Re: Boolean Integral

*To*: mathgroup at smc.vnet.net*Subject*: [mg62396] Re: Boolean Integral*From*: "antononcube" <antononcube at gmail.com>*Date*: Wed, 23 Nov 2005 01:12:11 -0500 (EST)*References*: <dlupfj$nb2$1@smc.vnet.net>*Sender*: owner-wri-mathgroup at wolfram.com

These settings seem to work: In[8]:= NIntegrate[chi[foo[x], y1, y2], {x, 0, 20}, MinRecursion -> 4, MaxRecursion -> 200, SingularityDepth -> 1000] NIntegrate::slwcon: Numerical integration converging too slowly; suspect one of the following: singularity, value of the integration being 0, oscillatory integrand, or insufficient WorkingPrecision.
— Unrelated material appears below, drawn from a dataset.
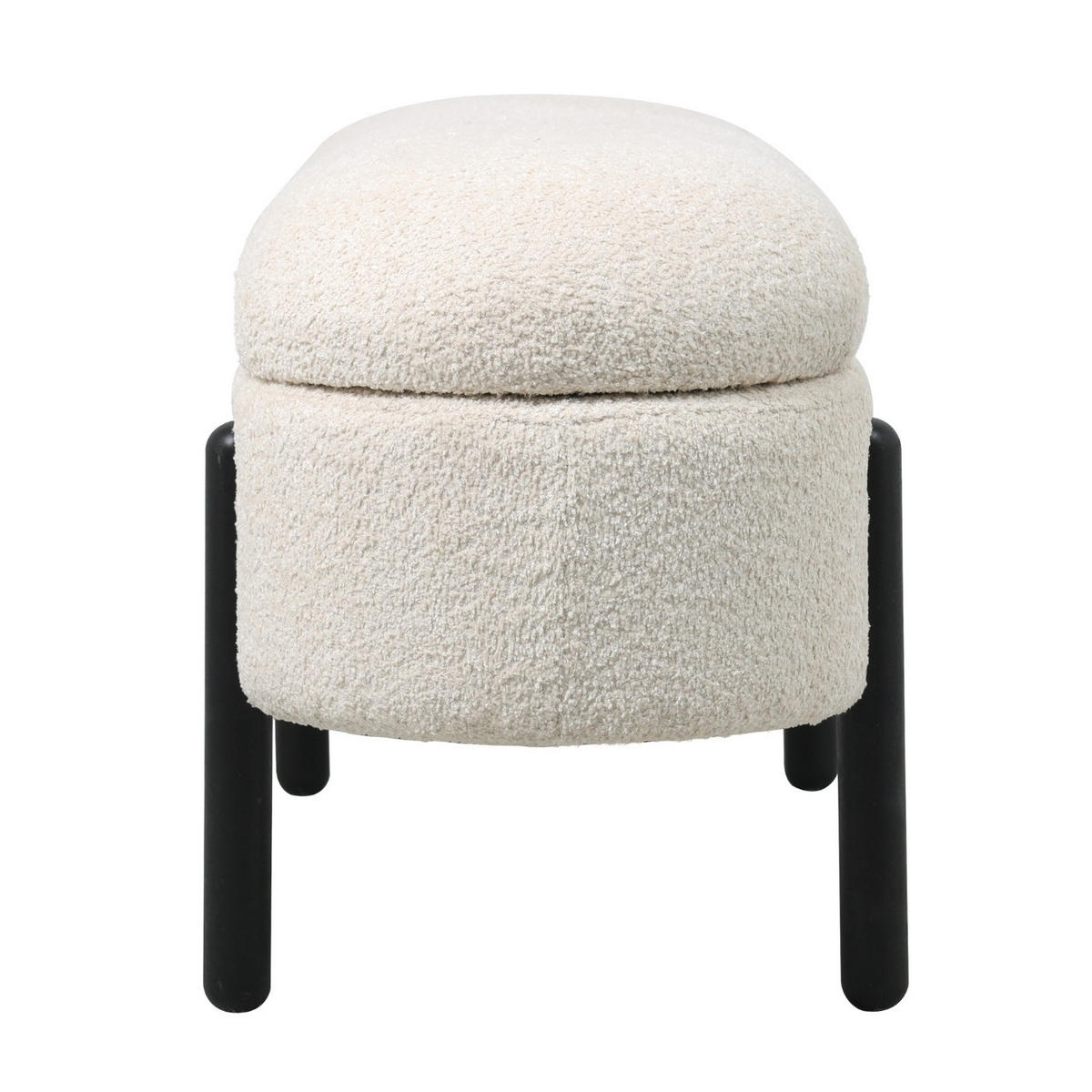 AUFBEWAHRUNGSBANK aus Stoff 108x41x48cm, beige - Beige, Holz (108/48/41cm) - Giga Meubel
If your integrand is oscillatory try using the option Method->Oscillatory in NIntegrate. Out[8]= 1.33977 As you said, the reason for NIntegrate to stop with the default settings is because the sampling points of the first integration step are where the integrand is 0. Increasing the number of initial sampling points with the option MinRecursion allows NIntegrate to see that the integrand is non-zero, and on what areas the computational efforts should be concentrated. These plots with different values for the parameter minrec (eg, 0, 2, 4) might clarify my explanation further: In[43]:= minrec = 4; In[44]:=pnts = Reap[NIntegrate[chi[foo[x], y1, y2], {x, 0, 20}, MinRecursion -> minrec, MaxRecursion -> 200, SingularityDepth -> 1000, EvaluationMonitor :> Sow[x]]][[2,1]]; In[45]:= Length[pnts] Out[45]= 4972 In[46]:=ListPlot[Transpose[{pnts, Range[Length[pnts]]}]] Further, if the zeroes of your function foo are known (e.g. foo[x_]:=Sin[x]) the piecewise handling of NIntegrate will simplify the integrand to the non-zero parts of it only (and the integration will be much faster). Again you can see this with the plots above, and using Length[pnts]. In[58]:=pnts = Reap[NIntegrate[chi[Sin[x], y1, y2], {x, 0, 20},EvaluationMonitor :> Sow[x]]][[2,1]]; In[59]:=Length[pnts] Out[59]=77 In[60]:=ListPlot[Transpose[{pnts,Range[Length[pnts]]}]] Anton Antonov, Wolfram Research, Inc.